5. The best efficiency of all: Plan cities that are less car dependent. Cities (especially suburbs) in North America need to be totally rethought so that people can live, work and play all in the same area. Believe or not, driving the Escalade once on the weekend is way more efficient than commuting in the Prius 200 km/day!!

23rd Jul 2007, 20:46

14:16 Thanks for an intelligent, well thought out comment, in my humble opinion. You hit a lot of major points.

Hybrids are definitely a step in the right direction, but the technology is considered transitional by most so called 'experts'.

And yeah, my Tacoma that gets 22 miles per gallon will have to do, because it's flawless, long since paid for, and I'm not about to burden myself with another car payment just to get another 10 or 15 miles the gallon. I guess my mileage would probably double according to what I've heard from most Prius owners (I make an effort to ask them what kind of mileage they are ACTUALLY getting, and it seems to be around 50 in the city and 55 highway), but still, mine is paid for, and having only 72,000 on a Toyota engine is nothing. It's just now breaking in fully.

HOWEVER, I do disagree with you about one thing: driving the Escalade on the weekends still is inexcusable. There is NO reason to own a pretentious, bloated, oversized, overpriced ego-maniacal vehicle like an Escalade. It doesn't matter how often you drive it, it's still wasteful.

Just like you said, other countries do better than this; a car is simply transportation, and once I can afford another monthly payment, I'll most likely buy a Corolla or a Civic and use the truck only when I need a truck for something.

12th Nov 2007, 16:40

Nr. 70! I made Nr. 70!

It's just to inviting to add another comment. I live in the US and I vacationed in Germany and France last summer. We rented VW Passat TDI station wagon with manual 6 speed and achieved 52 miles per US Gallon with 4 people, light luggage and air conditioner on at a cruising speed of 140 km/hr = 90 mph. It was fun to drive and once I took it to 225 km/h = 135 mph just to see what's in there! Audi Turbo Diesels win the Les Mans 24 hours all the time. Thanks, Rudolph!

13th Dec 2009, 13:17

1: When you buy a Toyota you're supporting Japan

2: I swear to god this is the ugliest car ever made

3: Expensive parts

4: $3000 dollars for new batteries, which you will probably need in 5 years

I have a 1986 Chevy Sprint that is rated at 45 mpg out of the factory, and it has no expensive batteries, the parts are dirt cheap, but it has broke down once in the 5 years I had it. At least it's made out of steel and decent quality parts. And as of now I'm having the motor and tranny overhauled just because it has 220,000 miles on it, still runs, but just having it done because I had the money. And it will cost me only $600 for the motor and $1100 dollars for the tranny. (still under the cost of new batteries for the toyota) So what are you really gaining when you buy a Prius?
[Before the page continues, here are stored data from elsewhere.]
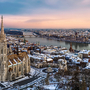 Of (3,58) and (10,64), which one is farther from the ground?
(3,58)

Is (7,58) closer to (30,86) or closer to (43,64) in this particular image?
(30,86)

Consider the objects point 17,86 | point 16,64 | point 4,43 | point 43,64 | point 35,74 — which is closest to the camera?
point 17,86

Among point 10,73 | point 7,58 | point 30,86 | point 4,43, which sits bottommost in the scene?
point 30,86

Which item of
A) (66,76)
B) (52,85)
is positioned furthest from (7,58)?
(66,76)

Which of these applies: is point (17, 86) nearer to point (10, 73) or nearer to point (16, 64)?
point (10, 73)

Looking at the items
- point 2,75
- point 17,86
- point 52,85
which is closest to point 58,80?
point 52,85

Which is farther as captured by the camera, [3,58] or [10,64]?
[10,64]

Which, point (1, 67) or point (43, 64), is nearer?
point (1, 67)

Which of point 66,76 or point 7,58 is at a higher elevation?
point 7,58

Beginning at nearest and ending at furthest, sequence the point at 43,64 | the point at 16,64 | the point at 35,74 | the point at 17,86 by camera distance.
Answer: the point at 17,86
the point at 16,64
the point at 35,74
the point at 43,64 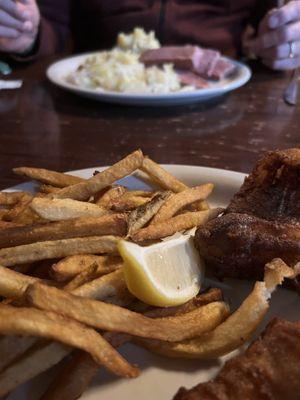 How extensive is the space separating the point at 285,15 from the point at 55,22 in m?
2.19

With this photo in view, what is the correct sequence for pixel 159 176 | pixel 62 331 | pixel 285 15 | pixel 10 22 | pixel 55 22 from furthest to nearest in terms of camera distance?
pixel 55 22 < pixel 10 22 < pixel 285 15 < pixel 159 176 < pixel 62 331

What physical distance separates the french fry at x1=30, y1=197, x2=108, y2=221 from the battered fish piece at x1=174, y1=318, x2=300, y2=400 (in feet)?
1.90

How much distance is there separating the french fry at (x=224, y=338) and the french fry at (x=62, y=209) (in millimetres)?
401

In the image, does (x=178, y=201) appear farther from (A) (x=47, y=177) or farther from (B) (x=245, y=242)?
(A) (x=47, y=177)

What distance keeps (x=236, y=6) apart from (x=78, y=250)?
3735 millimetres

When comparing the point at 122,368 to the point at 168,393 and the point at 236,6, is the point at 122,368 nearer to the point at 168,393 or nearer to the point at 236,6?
the point at 168,393

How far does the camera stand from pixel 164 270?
131 cm

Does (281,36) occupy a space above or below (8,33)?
above

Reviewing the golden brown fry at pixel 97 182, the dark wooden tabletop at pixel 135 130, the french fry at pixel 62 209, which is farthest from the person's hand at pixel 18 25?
the french fry at pixel 62 209

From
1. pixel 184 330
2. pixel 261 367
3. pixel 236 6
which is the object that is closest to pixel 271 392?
pixel 261 367

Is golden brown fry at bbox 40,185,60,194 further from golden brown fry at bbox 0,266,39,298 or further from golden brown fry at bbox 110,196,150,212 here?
golden brown fry at bbox 0,266,39,298

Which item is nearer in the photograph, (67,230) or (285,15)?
(67,230)

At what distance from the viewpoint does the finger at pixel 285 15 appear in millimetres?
3521

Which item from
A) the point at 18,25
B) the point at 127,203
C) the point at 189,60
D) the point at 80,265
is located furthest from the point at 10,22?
the point at 80,265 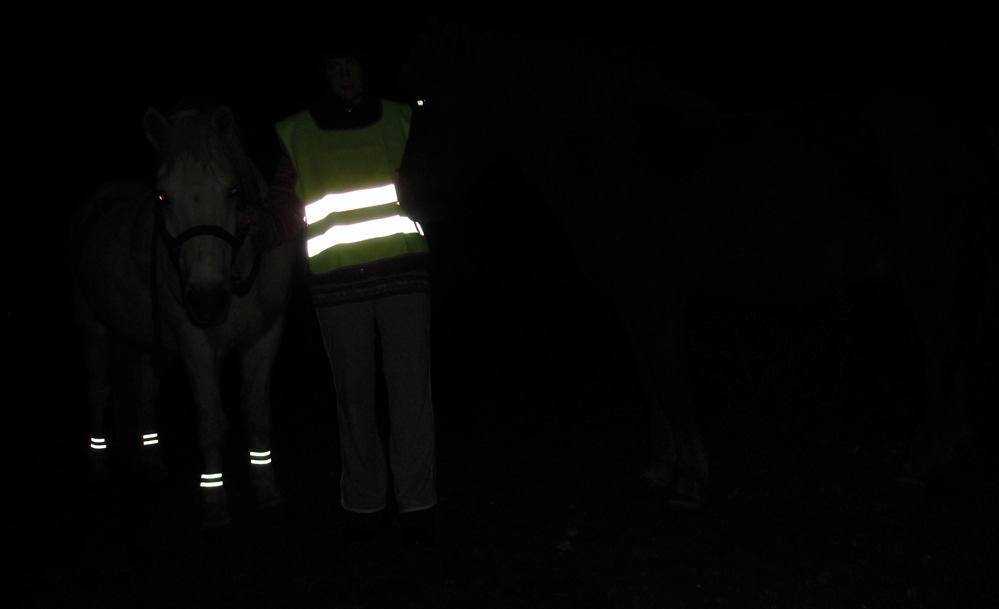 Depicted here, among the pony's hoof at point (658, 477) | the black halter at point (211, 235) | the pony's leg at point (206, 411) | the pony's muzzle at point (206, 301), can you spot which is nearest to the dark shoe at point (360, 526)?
the pony's leg at point (206, 411)

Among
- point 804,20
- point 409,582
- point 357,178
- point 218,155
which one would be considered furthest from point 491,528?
point 804,20

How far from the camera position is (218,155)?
395 centimetres

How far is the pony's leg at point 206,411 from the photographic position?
4.33 meters

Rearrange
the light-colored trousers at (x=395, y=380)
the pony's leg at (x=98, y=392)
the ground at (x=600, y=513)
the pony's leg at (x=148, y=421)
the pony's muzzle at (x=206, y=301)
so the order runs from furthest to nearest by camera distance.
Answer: the pony's leg at (x=98, y=392), the pony's leg at (x=148, y=421), the light-colored trousers at (x=395, y=380), the pony's muzzle at (x=206, y=301), the ground at (x=600, y=513)

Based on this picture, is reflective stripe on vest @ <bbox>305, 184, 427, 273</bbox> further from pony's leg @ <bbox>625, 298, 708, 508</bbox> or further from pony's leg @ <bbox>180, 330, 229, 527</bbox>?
pony's leg @ <bbox>625, 298, 708, 508</bbox>

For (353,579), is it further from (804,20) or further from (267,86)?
(267,86)

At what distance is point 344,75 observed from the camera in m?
3.82

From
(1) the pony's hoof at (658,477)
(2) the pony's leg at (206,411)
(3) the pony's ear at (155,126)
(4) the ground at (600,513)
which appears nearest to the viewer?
(4) the ground at (600,513)

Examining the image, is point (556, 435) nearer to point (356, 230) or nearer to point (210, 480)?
point (210, 480)

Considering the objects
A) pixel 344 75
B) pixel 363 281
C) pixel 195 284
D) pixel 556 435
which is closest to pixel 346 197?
pixel 363 281

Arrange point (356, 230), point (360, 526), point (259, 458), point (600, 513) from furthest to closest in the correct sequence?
point (259, 458)
point (600, 513)
point (360, 526)
point (356, 230)

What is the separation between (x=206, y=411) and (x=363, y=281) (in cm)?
128

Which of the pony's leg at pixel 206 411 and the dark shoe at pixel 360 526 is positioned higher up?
the pony's leg at pixel 206 411

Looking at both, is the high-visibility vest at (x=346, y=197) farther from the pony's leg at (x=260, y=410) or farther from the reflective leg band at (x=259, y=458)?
the reflective leg band at (x=259, y=458) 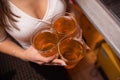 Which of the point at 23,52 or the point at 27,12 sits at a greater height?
the point at 27,12

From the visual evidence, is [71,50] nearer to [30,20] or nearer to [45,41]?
[45,41]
People are too concerned about looks they just want a new car, when my car is basically new right now with the new motor and tranny. The body is perfect on my car, as long as I keep it clean and put a fresh coat of wax on it every once in a while, it will continue to look nice.

23rd Dec 2009, 17:41

"1: When you buy a Toyota you're supporting Japan"
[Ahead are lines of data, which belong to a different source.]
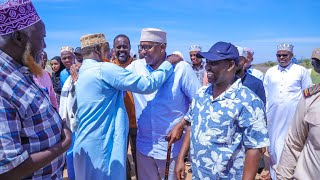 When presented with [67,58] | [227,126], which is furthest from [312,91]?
[67,58]

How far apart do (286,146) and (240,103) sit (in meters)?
0.42

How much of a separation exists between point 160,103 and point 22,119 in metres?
1.88

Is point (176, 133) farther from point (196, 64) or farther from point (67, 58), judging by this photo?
point (196, 64)

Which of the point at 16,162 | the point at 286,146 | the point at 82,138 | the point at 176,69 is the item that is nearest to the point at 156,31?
the point at 176,69

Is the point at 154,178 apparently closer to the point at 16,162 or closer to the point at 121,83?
the point at 121,83

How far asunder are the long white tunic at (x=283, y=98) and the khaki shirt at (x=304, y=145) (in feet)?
11.1

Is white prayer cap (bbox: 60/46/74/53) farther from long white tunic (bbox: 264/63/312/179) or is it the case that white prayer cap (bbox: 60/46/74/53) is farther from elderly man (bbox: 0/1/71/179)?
elderly man (bbox: 0/1/71/179)

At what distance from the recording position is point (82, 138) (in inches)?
115

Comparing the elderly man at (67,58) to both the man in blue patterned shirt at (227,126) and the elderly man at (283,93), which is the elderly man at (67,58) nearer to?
the elderly man at (283,93)

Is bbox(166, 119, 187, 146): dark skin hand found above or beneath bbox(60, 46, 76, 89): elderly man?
beneath

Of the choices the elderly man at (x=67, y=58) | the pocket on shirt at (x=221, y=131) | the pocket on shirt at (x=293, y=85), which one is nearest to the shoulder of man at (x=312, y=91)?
the pocket on shirt at (x=221, y=131)

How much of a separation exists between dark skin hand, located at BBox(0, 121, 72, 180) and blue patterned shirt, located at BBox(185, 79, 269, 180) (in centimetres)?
105

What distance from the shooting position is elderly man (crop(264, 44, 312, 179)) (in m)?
5.57

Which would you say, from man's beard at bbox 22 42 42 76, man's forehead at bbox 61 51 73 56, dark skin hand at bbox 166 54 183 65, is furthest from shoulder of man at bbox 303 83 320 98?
man's forehead at bbox 61 51 73 56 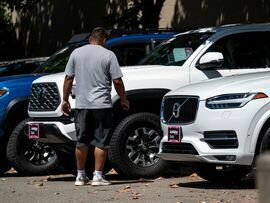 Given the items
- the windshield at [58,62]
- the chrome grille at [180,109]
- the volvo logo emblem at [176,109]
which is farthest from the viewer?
the windshield at [58,62]

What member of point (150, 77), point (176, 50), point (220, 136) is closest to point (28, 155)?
point (150, 77)

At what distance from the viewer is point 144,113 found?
368 inches

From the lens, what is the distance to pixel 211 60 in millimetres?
9234

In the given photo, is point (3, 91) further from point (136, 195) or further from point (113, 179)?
point (136, 195)

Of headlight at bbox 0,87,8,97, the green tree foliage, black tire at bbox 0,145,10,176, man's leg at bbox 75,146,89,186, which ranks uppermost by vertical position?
the green tree foliage

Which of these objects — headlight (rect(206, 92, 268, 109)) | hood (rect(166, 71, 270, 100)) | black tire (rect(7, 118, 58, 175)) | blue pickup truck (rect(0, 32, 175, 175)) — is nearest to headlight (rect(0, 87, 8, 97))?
blue pickup truck (rect(0, 32, 175, 175))

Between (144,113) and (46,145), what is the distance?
1914 mm

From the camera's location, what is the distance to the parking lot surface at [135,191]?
767 centimetres

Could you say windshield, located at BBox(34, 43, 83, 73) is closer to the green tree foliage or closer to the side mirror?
the side mirror

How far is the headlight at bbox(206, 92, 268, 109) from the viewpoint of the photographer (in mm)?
7738

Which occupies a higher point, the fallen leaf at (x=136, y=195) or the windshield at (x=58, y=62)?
the windshield at (x=58, y=62)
- So are you. The Chevy Sprint was made for GM by Suzuki. Join the crowd.

"2: I swear to god this is the ugliest car ever made"

- The Sprint isn't what I'd call a shining example of beauty.

"3: Expensive parts"

- Not necessarily. We've had ours 8 years and all the parts (hardly any needed to date) have been inline with conventional cars.
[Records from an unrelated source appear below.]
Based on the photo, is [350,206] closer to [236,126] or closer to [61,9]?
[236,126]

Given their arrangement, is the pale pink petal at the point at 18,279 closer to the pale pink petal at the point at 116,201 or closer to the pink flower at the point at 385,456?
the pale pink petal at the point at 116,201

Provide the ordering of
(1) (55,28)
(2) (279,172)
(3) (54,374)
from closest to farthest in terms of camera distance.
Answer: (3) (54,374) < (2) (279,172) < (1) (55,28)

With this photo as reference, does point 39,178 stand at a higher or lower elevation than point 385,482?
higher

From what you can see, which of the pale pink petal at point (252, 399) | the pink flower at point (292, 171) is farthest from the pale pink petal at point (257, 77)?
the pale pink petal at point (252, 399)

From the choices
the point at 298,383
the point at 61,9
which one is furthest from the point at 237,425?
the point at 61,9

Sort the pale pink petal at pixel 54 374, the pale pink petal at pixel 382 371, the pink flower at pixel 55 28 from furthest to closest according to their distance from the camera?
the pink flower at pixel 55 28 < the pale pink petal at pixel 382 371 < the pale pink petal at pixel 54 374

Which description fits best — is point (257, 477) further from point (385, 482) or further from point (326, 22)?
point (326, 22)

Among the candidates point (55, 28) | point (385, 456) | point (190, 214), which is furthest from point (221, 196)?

"4: $3000 dollars for new batteries, which you will probably need in 5 years"

- Like I said. We've had ours for 8 years. No battery problems yet. The batteries in these are only charged 40-60%. Thus they get very little wear. Very few of these batteries have had to be replaced in the 10 or more years the car has been in the US.

"I have a 1986 Chevy Sprint that is rated at 45 mpg out of the factory, and it has no expensive batteries, the parts are dirt cheap."

It also has a powertrain that wouldn't meet modern emission requirements. A lot of modern cars have to have massive amounts of emission reduction components, which lowers the overall fuel economy. If your car had to meet these requirements, it would get far worse economy.